* **PROBLEM TO WORK ON**: After finding the line with "Collier hématite oeil" in the entries below, copy that line and each one after it exactly, through the last line, and omit pictures.

:: RECORD SET ::

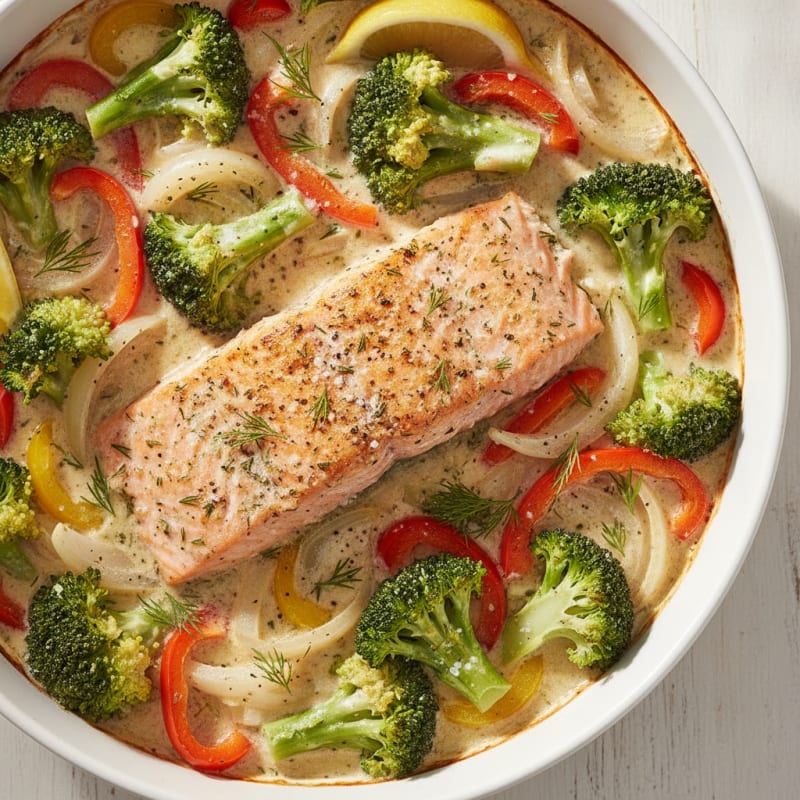 Baked Salmon and Vegetable Casserole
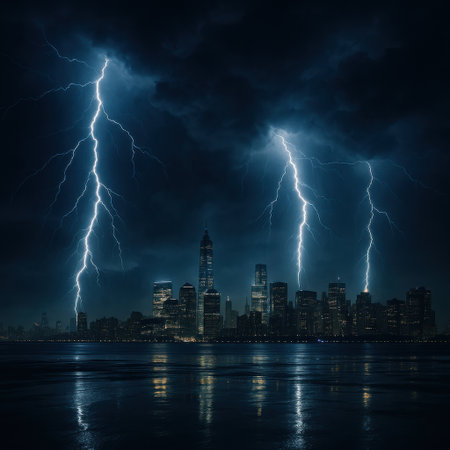 Powerful lightning bolts striking over nighttime city skyline with reflections.の写真素材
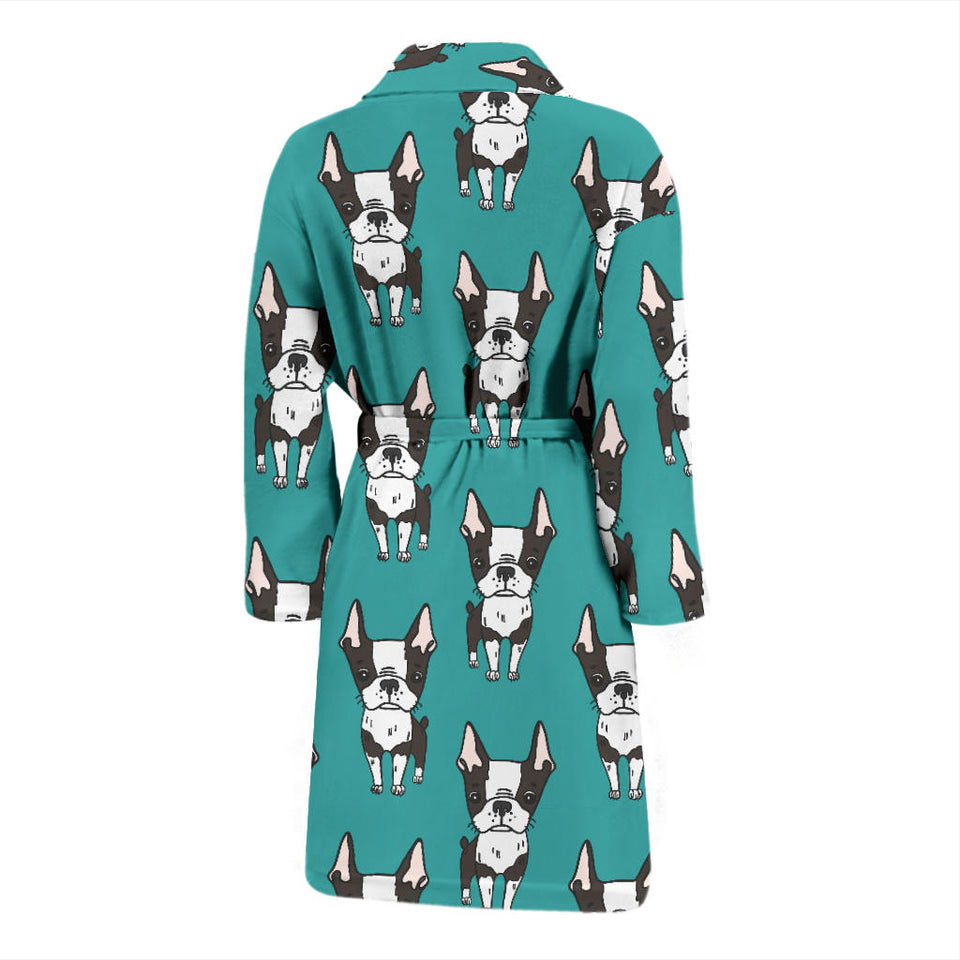 Hand Drawn Boston Terrier Dog Pattern Men'S Bathrobe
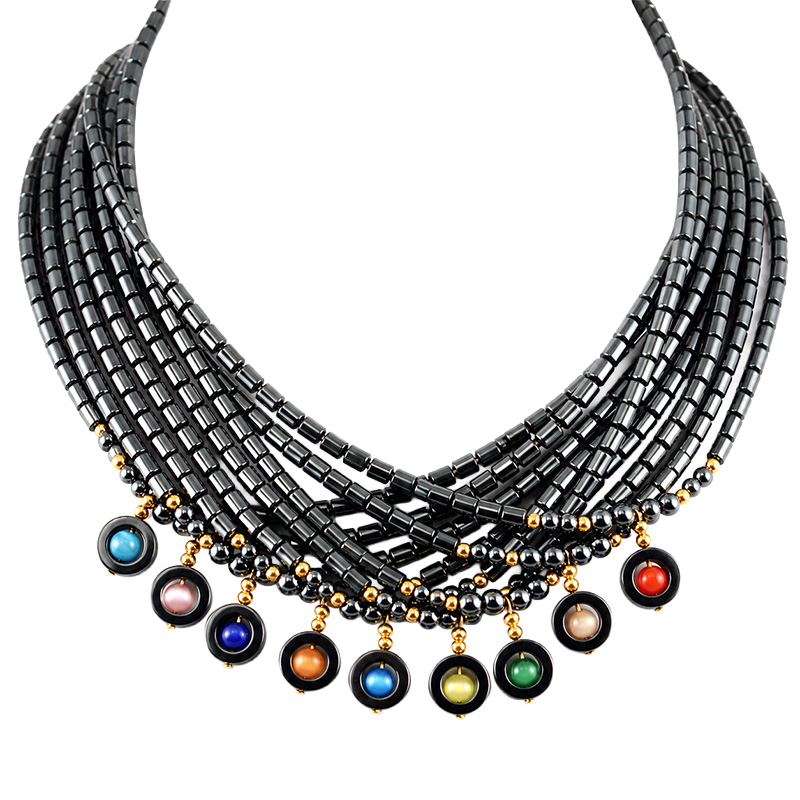 Collier hématite oeil de chat couleurs assorties 10 pcs
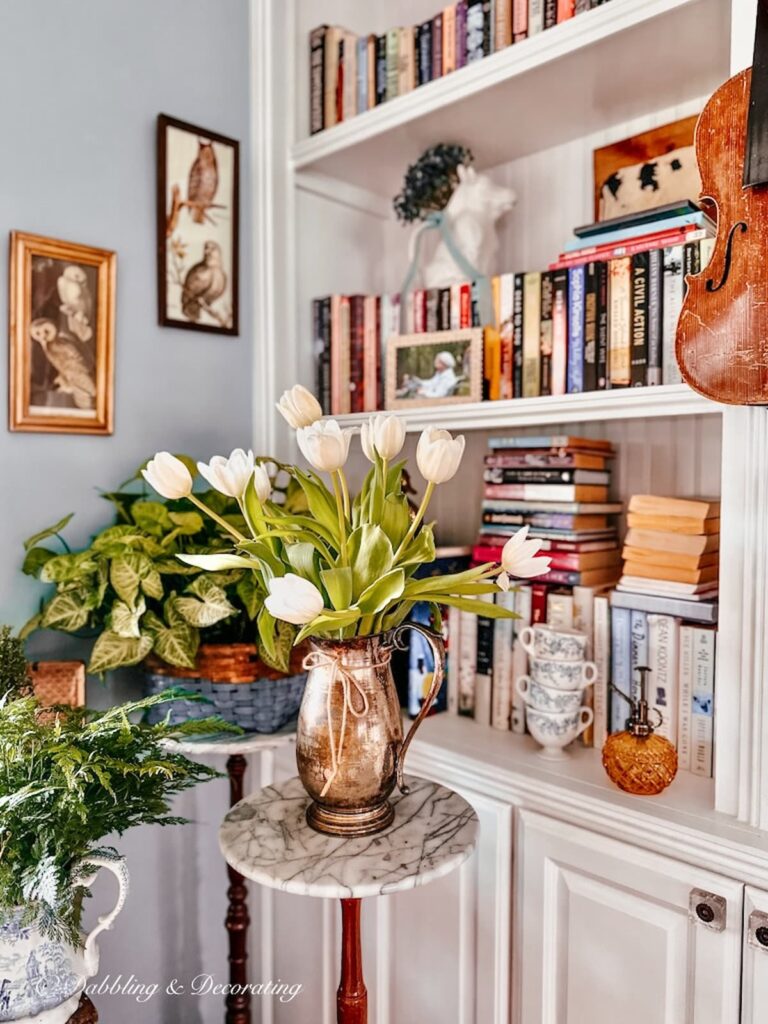 Vintage Marketplace Decor Finds in Corner Book Nook Displayed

:::

* **ANSWER BOX**:
 Collier hématite oeil de chat couleurs assorties 10 pcs
 Vintage Marketplace Decor Finds in Corner Book Nook Displayed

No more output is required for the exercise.